One of my go-to themes for playlists/mix CDs (yes, I still make them) is year-end best-of’s. I do my best to gather as much as I can from that calendar year and make a CD for my girlfriend or someone else I am trying to impress for them to listen to. The parameters are that I have to purchase the albums or tracks. I hardly ever use a streaming service to discover music, so I get most of my recommendations from podcasts, blogs, and places like Reddit. When making the playlist for 2015, I kept reading and hearing a lot about Beach Slang.
Beach Slang’s debut album was well received from critics and fans alike, and it was nearing the end of the year and, well, if it was going to make my best-of list, I would need to buy it. So I did, and I never really gave it much more than a few spins. I mean, if it was good enough for the gang at Sound Opinions, then who am I to put in the extra work?
This bears repeating: I developed horrible listening habits and I am trying to break them.
My initial listen to the album didn’t do much for me. Sure, it was loud and bold and it certainly did not have a problem getting in your face. Again, I was more than likely trying to find an appropriate track to throw on a playlist and couldn’t find one fast enough.
And that’s where I’m wrong, again.
The Things We Do To Find People Who Feel Like Us is an energetic twenty-seven minute call to arms. Not a moment was wasted and I don’t feel like there was room to add anything else.
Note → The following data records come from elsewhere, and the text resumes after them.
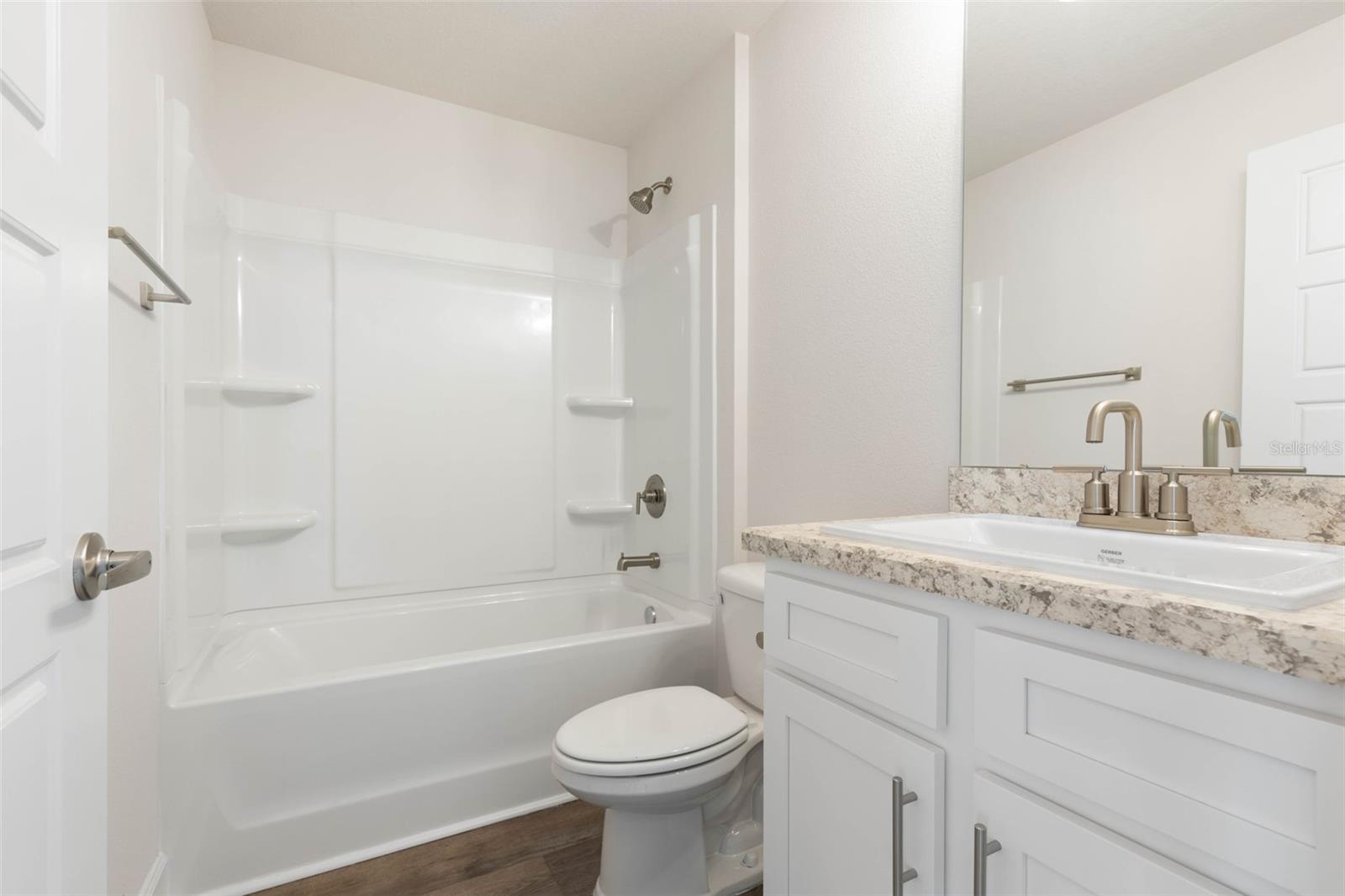 19 Regina Ln Property Photo 34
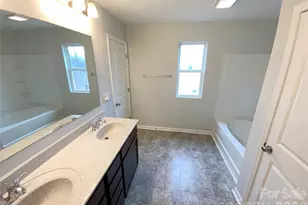 5633 Barclay Ct, Fort Mill, SC 29707 - Photo 11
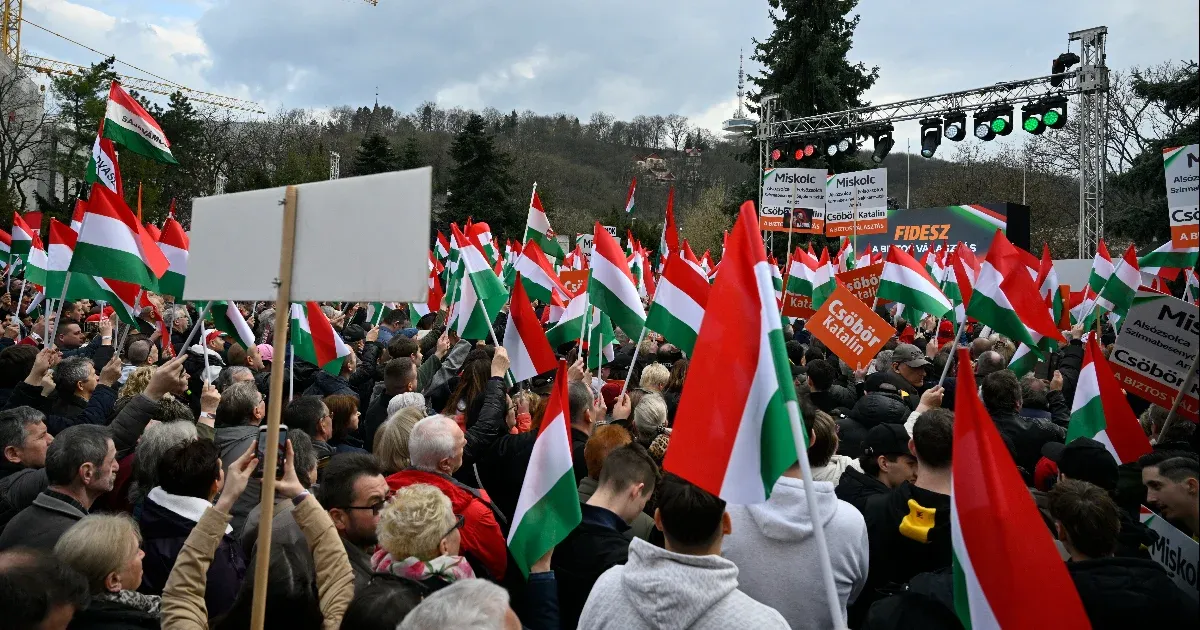 A Fidesz kampányrendezvényén jelentett be közös miskolci és borsodi bérletet Lázár János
Once the opener, “Throwaways”, starts, you are taken on a journey that singer/guitarist James Alex has laid out for you whether you were ready or not. Coming back to this album three years later, I was able to see how careful the steps of Alex’s journey really were.
The album is basically telling the listener to live “aggressively present”, never to dwell or get hung up with the past or unknown. It’s now. It’s tonight, and we’re going to make the most out of it. There’s no better declaration of living aggressively present than the lyrics, “Too young to die, too late to die young”. Dude, same.
What really makes this album shine for me is the pacing of the tracks and how the songs line up with each other seamlessly. It climbs when needed and is also brought down if that’s what is called for. In essence, this debut offering is akin to that opener band you never heard of yet they totally rip and you leave a fan afterward. If this album were a live set, the track listing would make for an outstanding setlist.
Perhaps James Alex was one of those who understood the magic of a perfect playlist.